I am trying to pull the text (see image of element tree) of an element in the trust pilot website using the following script but all it returns is a bunch of 'None'.
url = "https://uk.trustpilot.com/review/rockar.com"
try_url = requests.get(url)
soup = BeautifulSoup(try_url.content, 'html.parser')
print(try_url.content)
for h in soup.find_all('div', {'class': 'styles_reviewContent__3TSDf'}):
hdln = h.find("h2")
print(hdln)
What is the way around this? am I looking at the wrong selector?
CodePudding user response:
As @diggusbickus pointed out, you can get the reviews this way:
data = json.loads(soup.find('script', type='application/json').string)
reviews = data["props"]["pageProps"]["reviews"]

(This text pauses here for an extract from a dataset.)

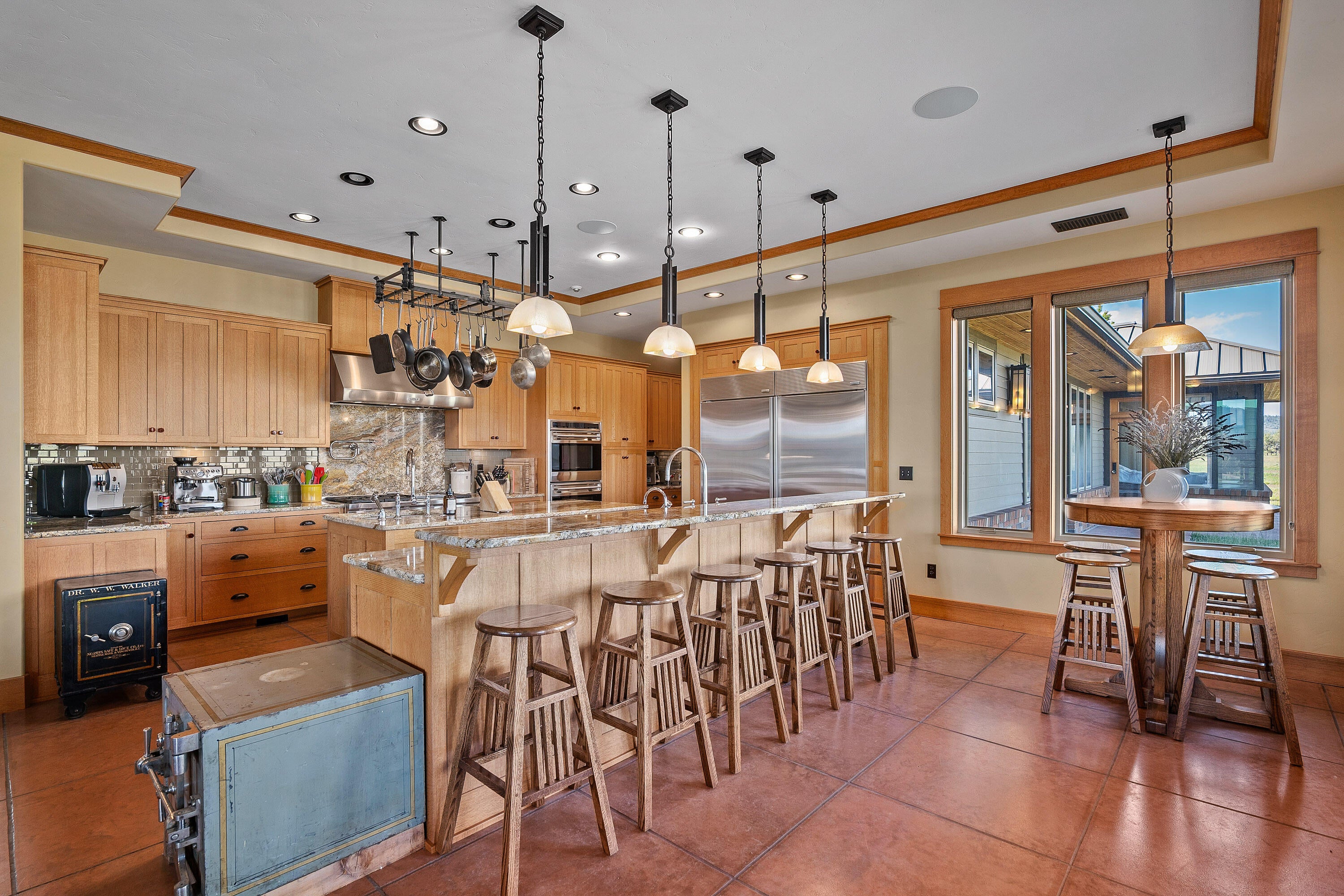 Bonanza, Oregon, 97623, United States, 3 Bedrooms Bedrooms, ,4 BathroomsBathrooms,Residential,Active,1876681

sample_reply = reviews[0]["reply"]
The sample_reply
is
{'message': "Thank you so much for your kind words, Fi! It's great to hear Shah was fantastic and offer a personal service to your car buying journey. Thank you for taking the time to leave us a great review! We hope you love your new vehicle! Thanks again for choosing Rockar :-)",
'publishedDate': '2021-11-04T12:35:25.401Z',
'updatedDate': '2021-11-04T12:35:34.948Z'}